# Twitter Graph Analysis
This notebook loads a pre-computed pickled NetworkX graph, extracts node attributes, and performs several analyses.

## Steps:
1. Load the graph from a pickle file.
2. Inspect the graph's basic stats (number of nodes, edges).
3. Convert node attributes to a DataFrame.
4. Conduct example queries and visualizations:
   - Top accounts by PageRank.
   - Top accounts by follower count.
   - Correlation plots.
   - Any additional queries.


In [3]:
# Step 1: Import required libraries
import pickle
import networkx as nx
import pandas as pd
import seaborn as sns
import matplotlib.pyplot as plt
from pathlib import Path

# For nicer plots
sns.set_theme(style='whitegrid')


In [None]:
# Step 2: Load the pickled graph
pickle_path = Path('graph_with_pagerank.pickle')  # Adjust if your pickle file has a different name
with open(pickle_path, 'rb') as f:
    G = pickle.load(f)

print(f"Loaded graph with {G.number_of_nodes()} nodes and {G.number_of_edges()} edges.")
pagerank_params = G.graph.get('pagerank_params', {})
print("PageRank parameters used:", pagerank_params)


In [None]:
# Step 3: Convert node attributes to a DataFrame
# We'll collect user_id, username, follower_count, following_count, is_verified, and pagerank_score.

node_data = []
for node, attrs in G.nodes(data=True):
    node_data.append({
        'user_id': node,
        'username': attrs.get('username', 'unknown'),
        'follower_count': attrs.get('follower_count', 0),
        'following_count': attrs.get('following_count', 0),
        'is_verified': attrs.get('is_verified', 0),
        'pagerank_score': attrs.get('pagerank_score', 0.0)
    })

df = pd.DataFrame(node_data)
print(f"DataFrame shape: {df.shape}")
df.head()


## Basic Statistics

In [None]:
# Let's see how many verified vs. non-verified accounts are present
verified_counts = df['is_verified'].value_counts()
print("Verified distribution:")
print(verified_counts)

# Distribution of follower counts
print("\nFollower count stats:")
print(df['follower_count'].describe())


## Top Accounts by PageRank Score

In [None]:
top_by_pagerank = df.sort_values(by='pagerank_score', ascending=False).head(10)
top_by_pagerank

## Top Accounts by Follower Count

In [None]:
top_by_followers = df.sort_values(by='follower_count', ascending=False).head(10)
top_by_followers

## Correlation between Follower Count and PageRank

In [None]:
# Quick correlation check
corr_val = df[['follower_count', 'pagerank_score']].corr().iloc[0,1]
print(f"Correlation between follower_count and pagerank_score: {corr_val:.4f}")


In [None]:
# Scatterplot of PageRank Score vs. Follower Count
plt.figure(figsize=(8,6))
sns.scatterplot(data=df, x='follower_count', y='pagerank_score', alpha=0.6)
plt.title('PageRank Score vs. Follower Count')
plt.xscale('log')  # log-scale on x for better visibility if large range
plt.yscale('log')  # might also put the y-axis on log scale
plt.show()

## In-Degree and Out-Degree Analysis
We can also look at the graph structure by computing degrees.

In [None]:
in_degrees = dict(G.in_degree())
out_degrees = dict(G.out_degree())

# Add these as columns in the df
df['in_degree'] = df['user_id'].map(in_degrees)
df['out_degree'] = df['user_id'].map(out_degrees)

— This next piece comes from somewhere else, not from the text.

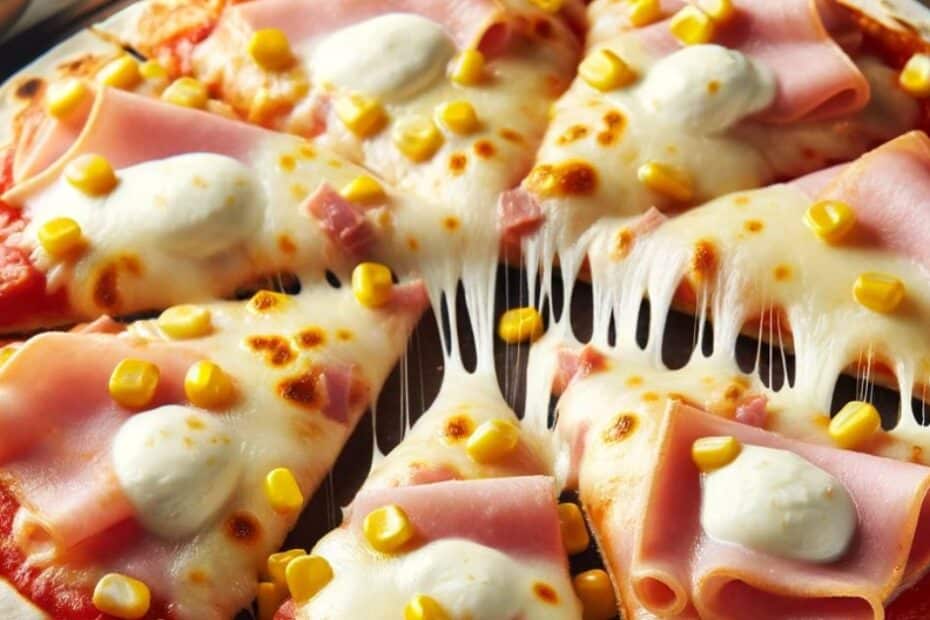 Rýchla a chutná tortilla pizza so šunkou, syrom a kukuricou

df[['user_id','username','in_degree','out_degree','pagerank_score']].head(10)

## Visualizing Degree Distributions

In [None]:
plt.figure(figsize=(12,5))
plt.subplot(1,2,1)
sns.histplot(df['in_degree'], log_scale=(True, False), bins=30)
plt.title('In-Degree Distribution')

plt.subplot(1,2,2)
sns.histplot(df['out_degree'], log_scale=(True, False), bins=30)
plt.title('Out-Degree Distribution')

plt.tight_layout()
plt.show()

## Sample Query: Largest In-Degree vs. Follower Count
Sometimes, you want to see if a node's recorded `follower_count` aligns with the actual in-degree in your dataset.


In [None]:
df['follower_diff'] = df['follower_count'] - df['in_degree']
df_sorted = df.sort_values(by='in_degree', ascending=False).head(10)
df_sorted[['user_id','username','in_degree','follower_count','follower_diff']]

## Final Thoughts
You can continue adding custom queries, grouping, or advanced analytics here.  
Additional ideas:
- Look at subgraphs (e.g., only verified users).
- Conduct BFS from a seed user to see how influence might propagate.
- Compare multiple PageRank runs with different weighting schemes.
- If you have time-series data (like different snapshots of the follow graph), do a temporal analysis.

Feel free to adapt any part of the above code to fit your exploration needs!